When John Shepherd became Anglican Dean of Perth in 1990, he said he wanted to “sail the ship a little differently”.
In the 24 years since, the often outspoken head of St George’s Cathedral has done just that, breaking ground by preaching at a Catholic cathedral, inviting Muslim and Buddhist leaders to speak at St George’s Cathedral and founding study group Heretics Anonymous.
On the eve of his final Easter service Dr Shepherd, who is retiring in July, says he has never considered himself controversial and “just said what I think is true”.
Those truths include his support for gay marriage and an article in The West Australian in 2003 suggesting that the teachings of Christianity were largely symbolic and need not be taken literally.
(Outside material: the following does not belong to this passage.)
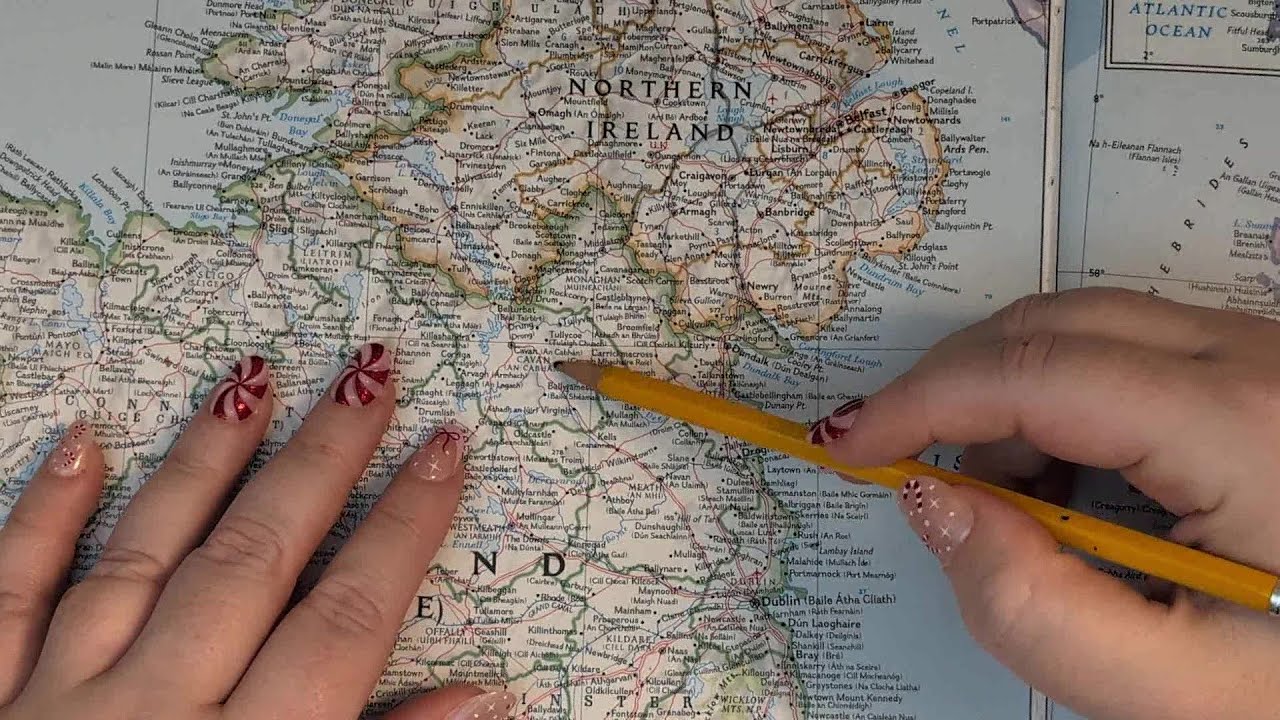ASMR ~ Cavan, Ireland History & Geography ~ Soft Spoken Map Tracing Google Earth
This resulted in hate mail, including images of his face plastered with “666”, calls for his resignation and accusations of heresy — prompting him to establish Heretics Anonymous, which discusses and challenges beliefs.
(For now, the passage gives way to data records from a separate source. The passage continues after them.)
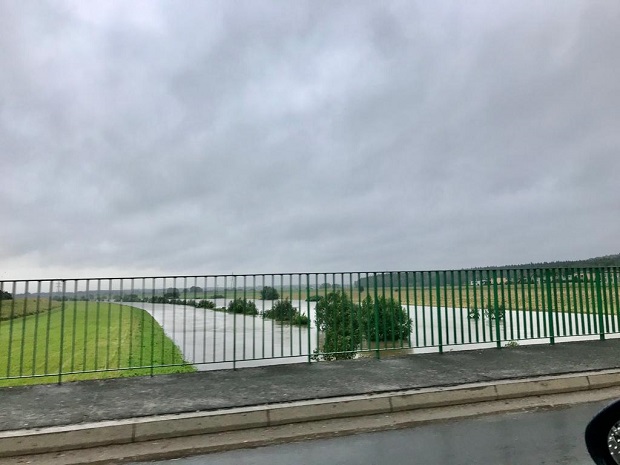 Stan Odry po intensywnych deszczach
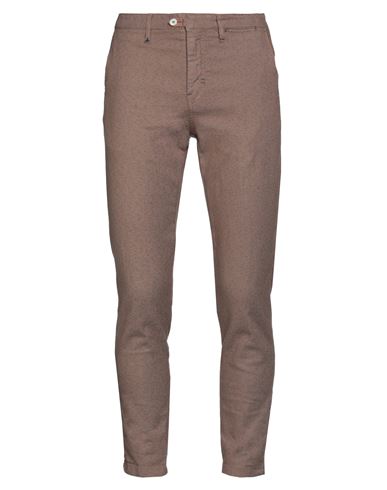 Berna Man Pants Light Brown Size 28 Cotton, Elastane In Beige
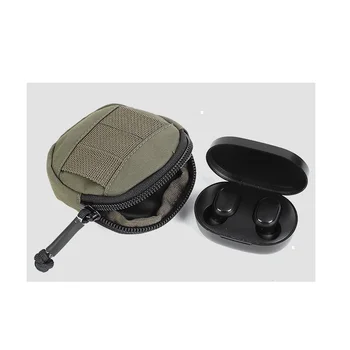 ISNUF Кръгла чанта за съхранение, подходяща за AirPods, безжичен калъф за слушалки, защита, OT06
“The fundamentalists of the Church found it very confronting,” he said.
“But I really think it’s important to get people thinking about faith in a way they hadn’t thought of before.”
An avid Essendon fan, Dr Shepherd put this loyalty aside more than once to fly the flags of the Fremantle Dockers, West Coast Eagles and Perth Wildcats atop the cathedral tower and hosted concerts, ballet and even a cabaret show in the cathedral.
The arts, and in particular music, have played a pivotal role in Dr Shepherd’s life and the former chaplain of Christ Church Oxford and the University of UWA also taught music at both universities.
“I’ve been very keen to offer a faith for thinking Christians, encouraging people to turn the diamond and look at different ways of experiencing the divine, music, arts and architecture,” he said.
The abstract sculpture representing St George and the Dragon that stands outside the cathedral was an example of this approach.
“If we’d have got a St George and the Dragon that looked like St George and the Dragon you would have looked at it once, but every time you look at this, you see something different,” he said.
After previously lamenting the lack of vibrancy in Perth, Dr Shepherd has been happy to watch its transformation.
“When I came to Perth I thought it was a fairly flat city, and many people were comfortable with it being a country town where life was like semi-retirement,” he said.
“Now it’s got much more bounce and vigour and eagerness.”
Retirement for Dr Shepherd, whose wife Joy will retire as principal of St Hilda’s Anglican School for Girls later this year, means time for more measured theological study and to further explore his passion for 16th and 17th century musical development — the focus of his thesis at Cambridge University.
A search is under way for the next Dean of Perth, whom Dr Shepherd said would make their own mark.
“When I came in I said ‘this is the same ship but I’ll set the sails a little differently’, and the person following me will, too, but it will still be the same, vibrant place,” he said.